Meetings can be overwhelming. Even to people who spend the majority of their days in and out of phone calls and boardrooms, it can be difficult to know how to handle yourself in certain situations, especially as you begin to climb the ranks. We’ve taken time to identify 3 common mistakes that women frequently make in meetings, and what to do about them to amplify your career potential.
Society has undoubtedly put women in a place to apologize way more frequently than men. Growing up, it is ingrained in their heads not to take up space, and to apologize when something they do offends or causes an adverse reaction. But apologizing insinuates that you did something incorrectly, even if you’re simply saying something like, “Sorry, but I have a meeting I have to go to.” You may be apologizing for cutting the conversation short, but you have things to do and should be able to prioritize your time.

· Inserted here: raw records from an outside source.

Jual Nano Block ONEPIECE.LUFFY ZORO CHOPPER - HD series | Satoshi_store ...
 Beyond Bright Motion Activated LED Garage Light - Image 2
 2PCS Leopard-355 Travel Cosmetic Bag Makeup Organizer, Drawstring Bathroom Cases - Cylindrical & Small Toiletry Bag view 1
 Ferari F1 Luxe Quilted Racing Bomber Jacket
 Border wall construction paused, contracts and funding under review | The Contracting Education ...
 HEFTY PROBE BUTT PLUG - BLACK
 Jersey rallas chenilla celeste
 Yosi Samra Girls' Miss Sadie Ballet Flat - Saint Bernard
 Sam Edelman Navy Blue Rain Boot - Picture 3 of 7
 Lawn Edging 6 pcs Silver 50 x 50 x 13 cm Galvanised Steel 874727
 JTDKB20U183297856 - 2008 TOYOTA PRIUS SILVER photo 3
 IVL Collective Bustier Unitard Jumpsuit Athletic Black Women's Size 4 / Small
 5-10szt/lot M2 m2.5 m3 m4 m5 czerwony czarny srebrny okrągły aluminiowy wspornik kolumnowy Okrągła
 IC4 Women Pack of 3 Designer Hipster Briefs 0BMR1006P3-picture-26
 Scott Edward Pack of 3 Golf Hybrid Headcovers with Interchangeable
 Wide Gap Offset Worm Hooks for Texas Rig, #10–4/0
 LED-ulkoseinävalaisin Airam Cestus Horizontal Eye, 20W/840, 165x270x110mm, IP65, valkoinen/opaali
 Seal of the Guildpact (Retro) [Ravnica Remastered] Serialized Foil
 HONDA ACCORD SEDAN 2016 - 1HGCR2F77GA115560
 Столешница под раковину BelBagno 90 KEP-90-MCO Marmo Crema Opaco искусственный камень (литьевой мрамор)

In meetings, a simple “sorry” can indicate that you are somehow a less competent or capable leader. If you’re one of those consistent apologizers, work on replacing your “sorry” with other options. Or, just choose not to replace it. Everyone should work on expunging that word from their daily vocabulary, especially during meetings.
2. Being spoken over
Because of the virtual nature of most meetings these days, it is important to assess the digital landscape as well. Last fall, 45% of female business leaders admitted that it’s hard to get a word in edgewise in virtual meetings, specifically with their male counterparts. The report also revealed that not only are women overlooked and ignored by colleagues way too often in the digital workspace, but their earning and growth potential seems to be taking a hit because of that.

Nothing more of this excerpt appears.